--- START ---

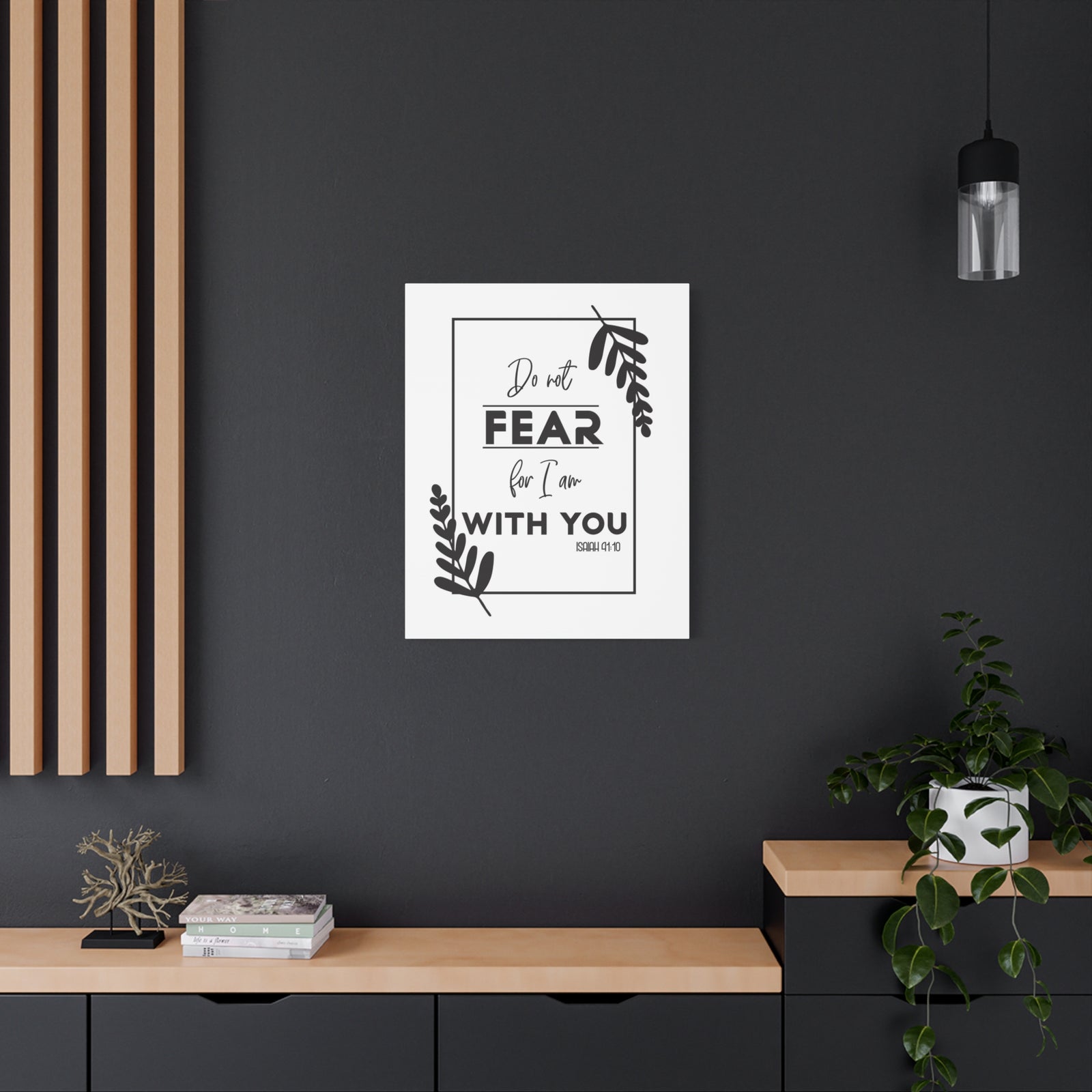 Scripture Canvas For I Am With You Isaiah 41:10 Christian Wall Art Bible Verse Print Ready to Hang-Express Your Love Gifts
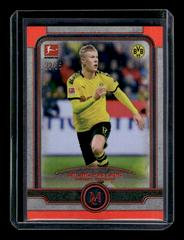 Erling Haaland [Ruby] Soccer Cards 2019 Topps Museum Collection Bundesliga Prices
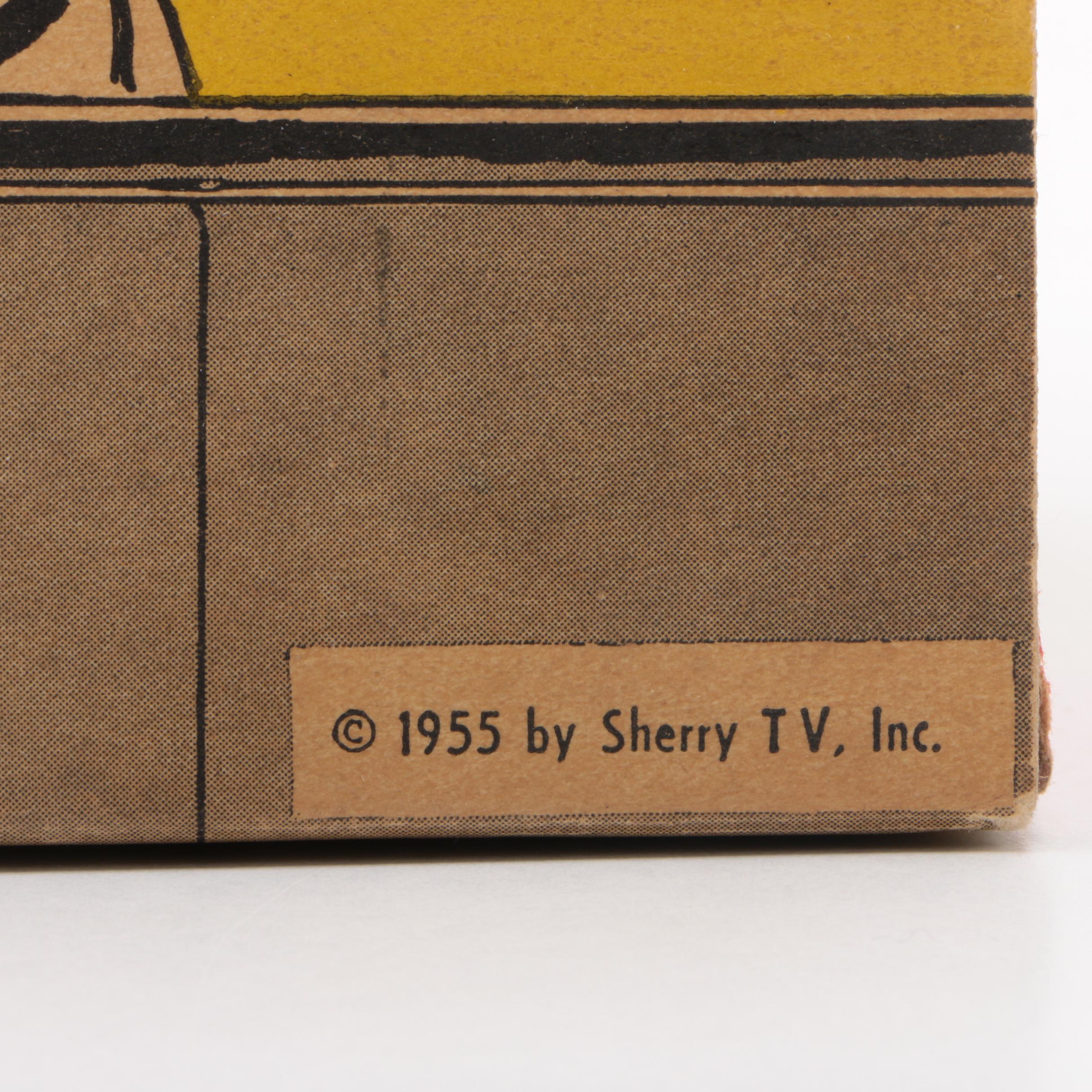 Ideal Jack Webb "Dragnet" Talking Police Car in Original Packaging, 1955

--- END ---

The task: Wherever an image appears in the data, omit it and repeat everything else exactly.

Reply to the task:
 Scripture Canvas For I Am With You Isaiah 41:10 Christian Wall Art Bible Verse Print Ready to Hang-Express Your Love Gifts
 Erling Haaland [Ruby] Soccer Cards 2019 Topps Museum Collection Bundesliga Prices
 Ideal Jack Webb "Dragnet" Talking Police Car in Original Packaging, 1955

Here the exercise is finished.